Sunday, April 24, 2011

China's Black Market in Forged Backgrounds for Immigrants to Canada

You know what really shocked me? Investigative journalism! More of this, please.

How China’s ‘crooked consultants’ help the rich enter Canada
He [the Globe and Mail's invented persona] has the required minimum of $1.6-million in assets. What he doesn’t have are the documents Canadian immigration officials want: neither banking and pay statements to show that his wealth has accumulated gradually and legitimately nor proof that he has paid taxes on it. He also doesn’t have the necessary two years’ experience in managing employees.

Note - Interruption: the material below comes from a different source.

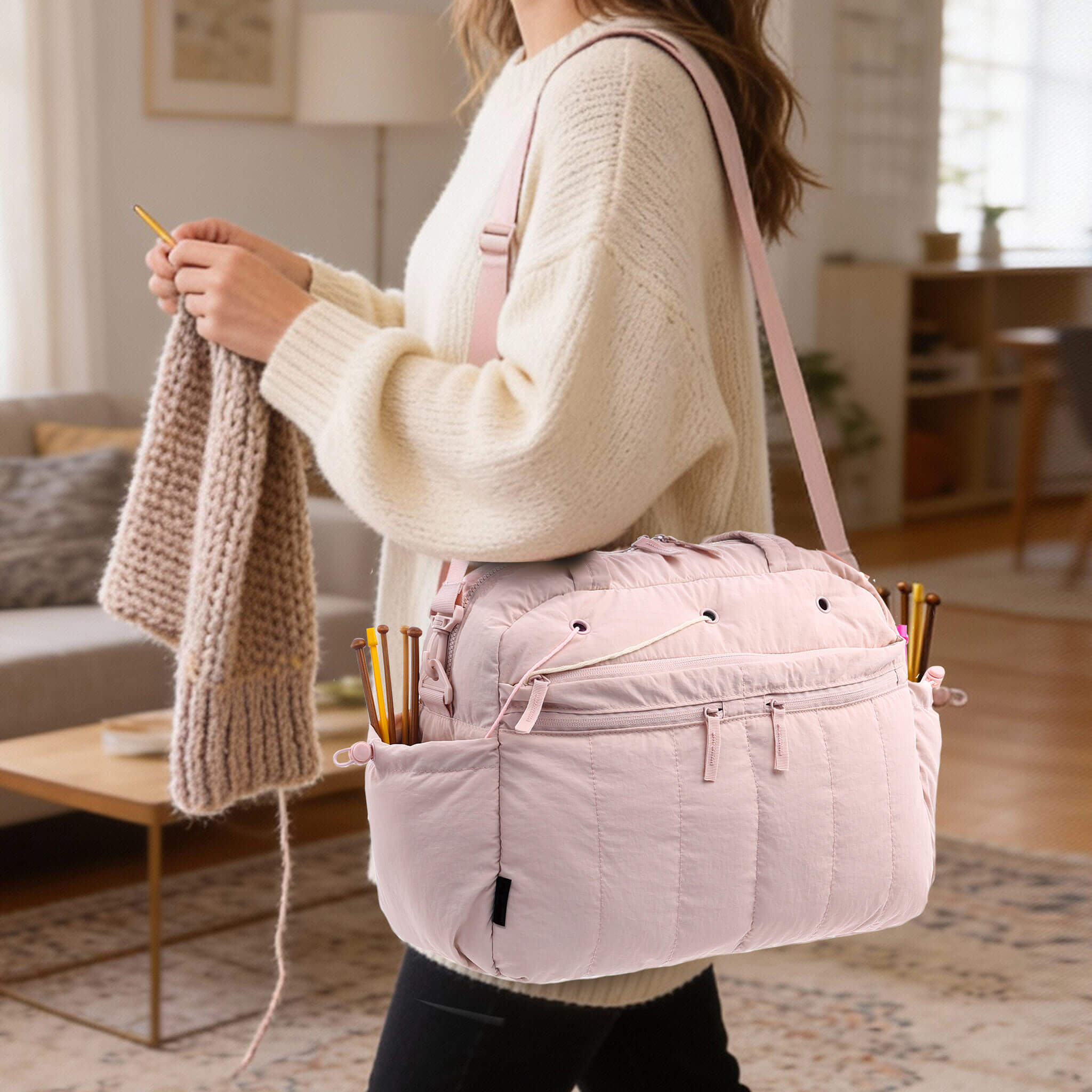 ZINGCRATER Quilted Crochet Tote Bag Usecase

In China, however, manufacturing a personal history that will satisfy Immigration Canada is no problem for almost anyone willing to pay
An estimated 400 firms based in China offer their services to prospective immigrants. Of the 22 approached by The Globe’s fictitious client, no fewer than 18 advised fabricating documents to produce the required background.

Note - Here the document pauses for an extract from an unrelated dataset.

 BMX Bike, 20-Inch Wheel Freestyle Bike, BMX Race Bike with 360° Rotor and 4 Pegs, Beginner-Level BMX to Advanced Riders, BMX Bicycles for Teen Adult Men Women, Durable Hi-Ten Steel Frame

Although many suggested he ask someone who owns a company to create the income and tax documentation, eight said they could produce the papers themselves. Two even offered to have a Canadian company speed the process by hiring the applicant, if only on paper.
The minister acknowledged that embassy officials struggle with the sheer volume of applications from China – which accounted for more than 32,000 of the 45,000 the program received in total last year.
Interesting, the consultants blame the system itself for being too choosy and competitive.
But a veteran consultant who divides his time between China and Canada argues that honesty has become a handicap. He said the investor system is now so rife with fraudulent applications that anyone who fails to add some “polish” almost certainly winds up at the back of the line.
- According to the state-run China Daily newspaper, about 2,000 of the applicants [in 2009] were from China and they transferred nearly $1-billion into Canadian banks.
Leveraged at 20:1, that's enough to cause some serious house price inflation.

1 comment:

jesse said...

Some people in the article's comments were mentioning that a high acceptance standard means only those with forged documents will qualify; those who told the truth have no hope of meeting the acceptance standards.

Voters want everyone to have a fair shake. If more press surrounding corruption and forged immigration documents starts emerging it's hard to imagine the government sitting idle.